Sale de la cabaña. Su paso se acelera, pasa rápidamente el montón de bálago y la jaula de aves hecha de juncos, salta por la pendiente, salva las piedras, cambia de ritmo. Corre a través de las espadañas, esquivando los golpes de las ramas, doblándose para que no la alcancen los arbustos espinosos. Va corriendo hacia el río y les oye, la voz de un hombre y las voces de los niños hablando inglés en algún lugar a su izquierda. Pero va recta hacia el vado, quitándose los zapatos y equilibrándose y saltando de pedrusco en pedrusco, y cuando ya no hay más pedruscos hace lo qué ha visto hacer a otros, entra en el agua como un miembro de una secta baptista para volver a nacer, y cuando el agua alcanza su cintura levanta los brazos (los zapatos en una mano) para mantener el equilibrio mientras sus muslos empujan el agua que está ante ellos.

El agua es tibia y marrón y huele fuertemente a tierra. Parece ladeada; el sentido de la gravedad ha cambiado.
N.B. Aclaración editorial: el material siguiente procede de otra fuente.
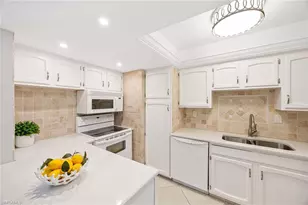 3443 Gulf Shore Blvd N, Naples, FL 34103 - Photo 4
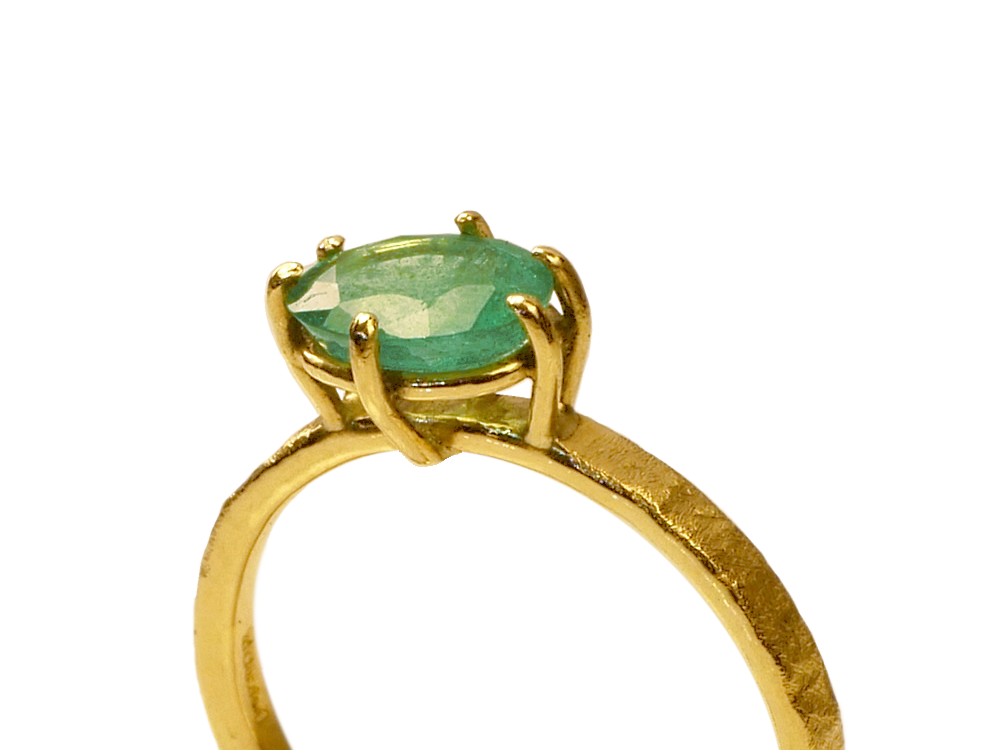 gold ring close up.PNG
Se endereza, de repente sale a los bajíos del otro lado y trepa por la capa de raíces que bajan al barro desde la gigantesca higuera, mojón de la orilla que nunca había cruzado anteriormente. Sus pies mojados se meten en los zapatos y corren. Una vaca jorobada se sale del camino que ella ha hecho cuando tropieza con ella. Corre. Puede oír el trabajoso golpeteo muy claramente en el atento silencio del bush que la rodea: el motor no está apagado, sino que marcha en el vacío, allí. Las fantasías reales del bush engañan más que los bosques románticos de Grimm y Disney. Un olor de patatas hervidas (que procede de una viña indistinguible para ella de las otras) presagia una cocina, una casa justo al otro lado del árbol siguiente. Hay zonas donde airosos arbustos espinosos están libres de maleza, y el césped y los ordenados montones de margaritas Barbeton y las dunas de nemesia pertenecen a la artificiosa naturaleza del parque público. Corre: confiando en sí misma con toda la confianza reprimida de una vida, alerta, como un animal solitario en la estación en que los animales no buscan ni pareja ni cuidan de sus jóvenes, existiendo sólo para su supervivencia solitaria, enemiga de todo lo que le podía exigir responsabilidades. Todavía oye el batir, más allá de unos y otros árboles, y corre hacia allí. Corre.